Here is another nice book. I esp. recommend Chapter 10 which illustrates some deployment tactics:
Course design
For the main concepts/definitions: these are discuss and explained during the lectures and read in the corresponding chapters of the BCK-book.
Students are recommended to read the chapter of the topic of upcoming lecture before the actual lecture.
Lectures:
The lectures will consist of the following series of lectures:
-
- L1: Introduction and Organization
- L2: Architecting Process and Architecture Views
- L3: Requirements and Quality Attributes
- L4: Functional Decomposition and Architectural Styles (1)
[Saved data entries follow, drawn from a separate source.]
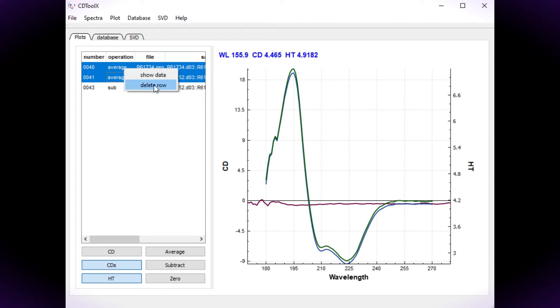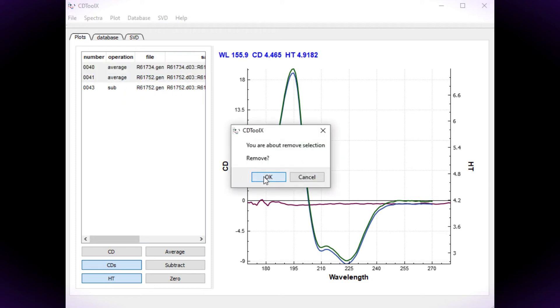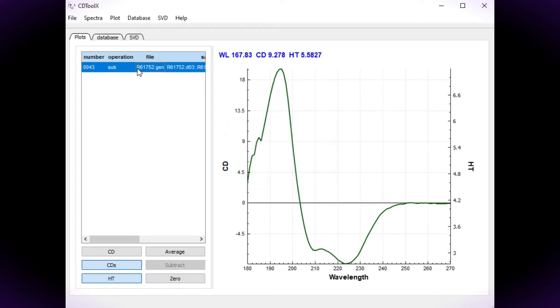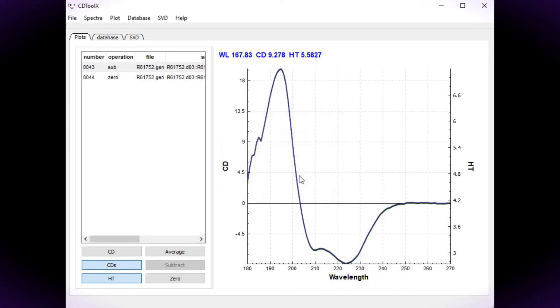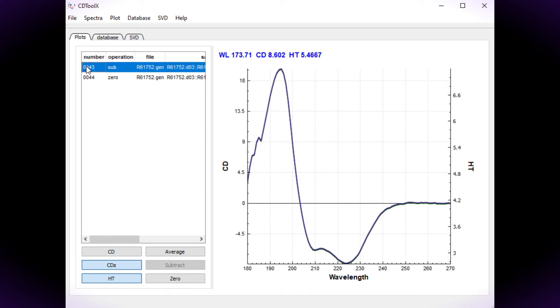If required the data can be zeroed at high wavelengths. Select the data, press zero. The default wavelength range for zeroing is 265 to 270 nanometers. You can alter this if you wish. You can now save the spectrum.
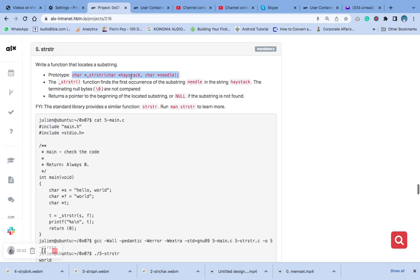The haystack, which is a pointer to the string in which you want to search for the substring. Then the needle, which is the pointer to the substring that you want to search for. The function returns a pointer to the first occurrence of the substring in the string, or null if the substring is not found.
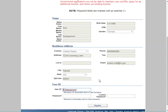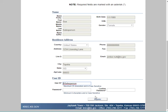Review the information on file and confirm that this is your account. If not, try searching again and confirm the information provided is accurate. Scroll to the bottom of the page to create a password and re-enter the password to continue. Click Register when you are done.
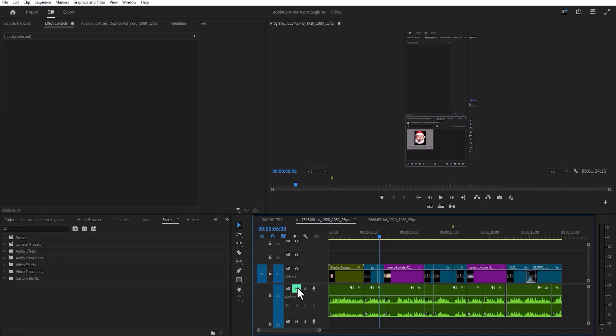In this tutorial, I'm going to show you how to make your PC shut down automatically after Premiere Pro export.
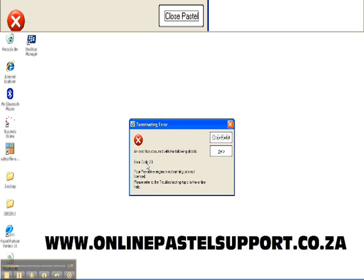I'm going to show you the first one — the Pervasive engine that isn't started. For all the rest, you can log on to our website onlinefastlessupport.co.za and check out the full blog post with full step-by-step solutions on how you can resolve error code 20 if it isn't your Pervasive engine that's not started.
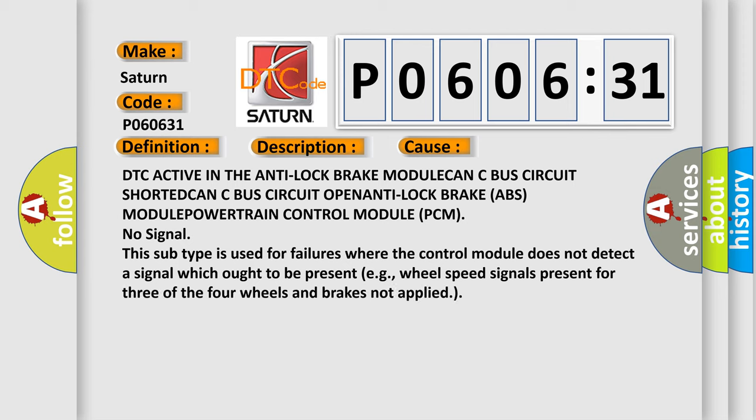DTC active in the anti-lock brake module, CAN-C bus circuit shorted, CAN-C bus circuit open, anti-lock brake ABS module, powertrain control module PCM, no signal. This subtype is used for failures where the control module does not detect a signal which ought to be present, for example, wheel speed signals present for three of the four wheels and brakes not applied.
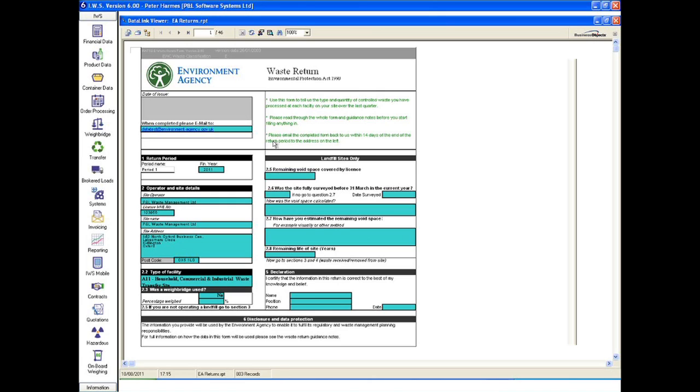Environment agency returns are handled automatically by IWS6. The system collects all of the information required and generates the return in the correct format, saving many hours of work.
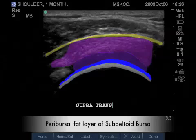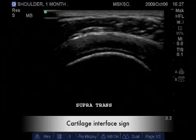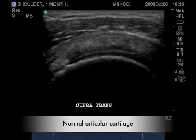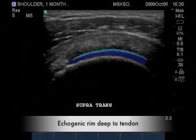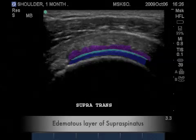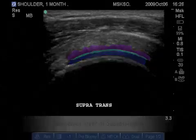Yellow represents the periversal fat. When the echo texture of edema becomes closer to simple fluid, you will notice what is called a cartilage interface sign. Blue represents hyaline cartilage; the lighter blue represents the cartilage interface sign, and the purple represents the layer of edema. It is also important to note that retraction of tendon fibers may give a similar appearance. True edema will posteriorly enhance this cartilage interface sign.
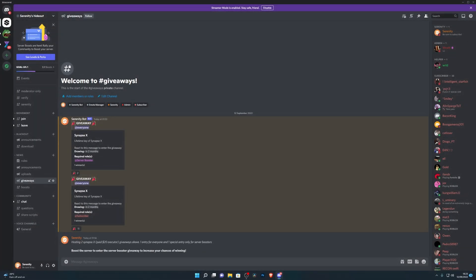Before this video starts guys, we're hosting a giveaway for two lifetime SynapseX keys. Now SynapseX is one of the best paid executors out there, so if you do want a chance to win, just head down into the description below where you'll find a link to our Discord server.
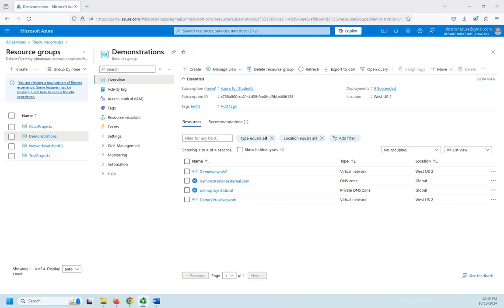Okay, in a previous video we showed how to use virtual network peering to connect two virtual networks together so the resources on one virtual network could access resources on another virtual network. Now in this one we're going to look at creating an Azure VPN gateway.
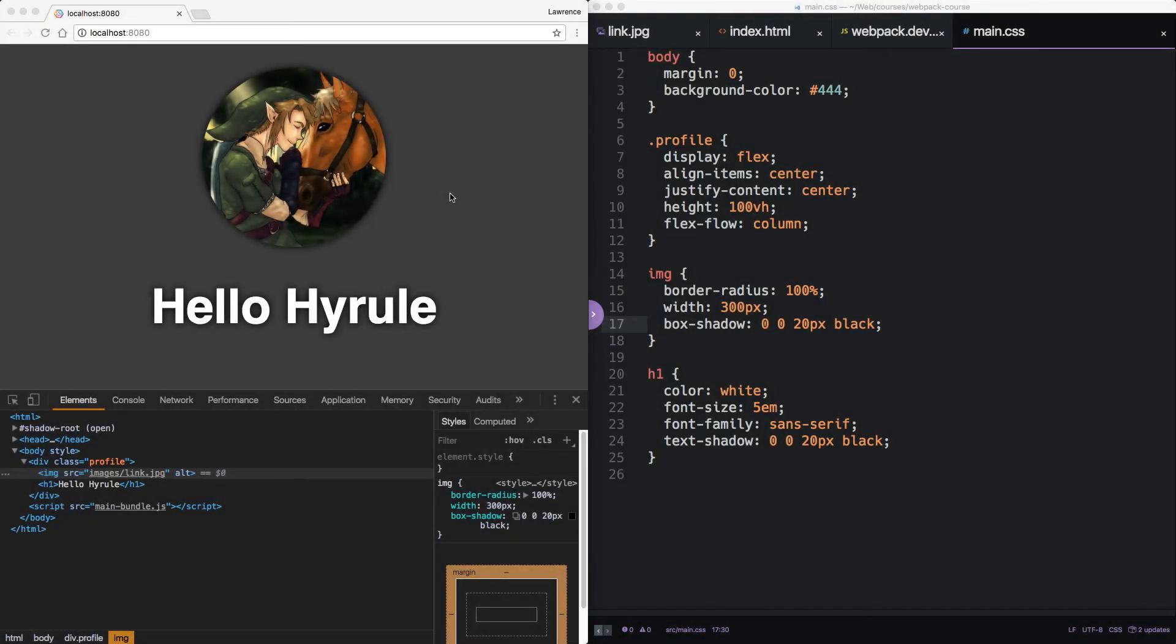Welcome back. In the last episode we added loaders to our development workflow. You can start where we left off.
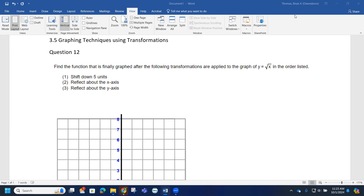Looking at question 12 from section 3.5, graphing techniques using transformations. Find the function that is finally graphed after the following transformations are applied to the graph of y equals the square root of x, in the order listed.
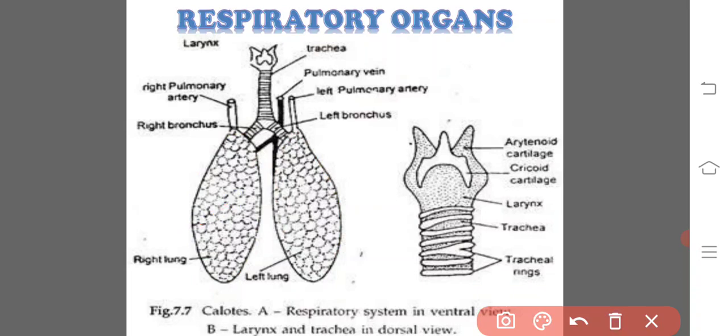Here, internally, each lung is incompletely divided into small chambers, which are called as alveoli. Alveoli are the structural and functional units of the lungs. The alveoli are the actual areas where exchange of gases occurs.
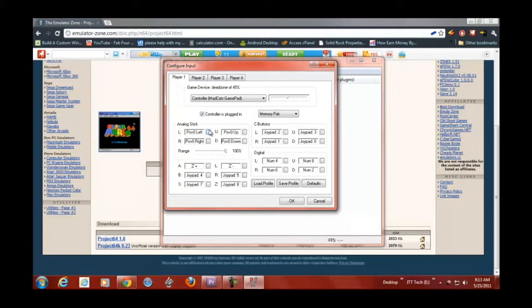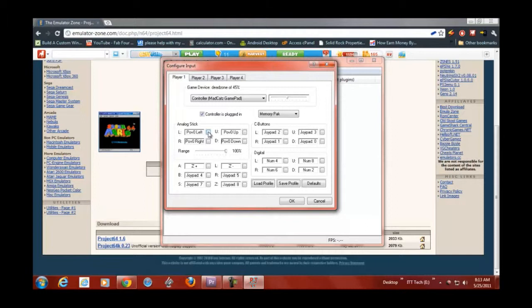Click on the square. Once you have the configuration window open, click on the square next to the button, corresponding button, and then move that button to whatever you want.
- L5: Architectural Styles (2) Blackboard
- L6: Architectural Styles - part 3 PubSub and Layering - 2019.pptx
- L7: guest lecture (e.g. Social and Cognitive aspects of Architecting) by Rodi Jolak
- L8: Technical Debt
- L9: Design Principles
- Supervision: Deployment Diagrams
- L10: Architecture Evaluation
- L11: Tactics, Reverse Engineering & Software Visualisation
- L12: Industrial guest lecture by Volvo Trucks.
The schedule of the lectures follows the slots in TimeEdit. In case of (unforeseen) unavailability of the lecturer, the lectures will be shifted.
Exercises:
Several exercises will be handed out throughout the course. These exercises will typically have a deadline of 10-14 days. If you fail an exercise, students will get feedback and another time-period for improving the assignment.
Slides of the lectures will be posted on Canvas.
Students are expected to bring their laptop to the practical sessions. They should install some UML-modelling tool (e.g. Visual Paradigm) or use on online UML modelling tool.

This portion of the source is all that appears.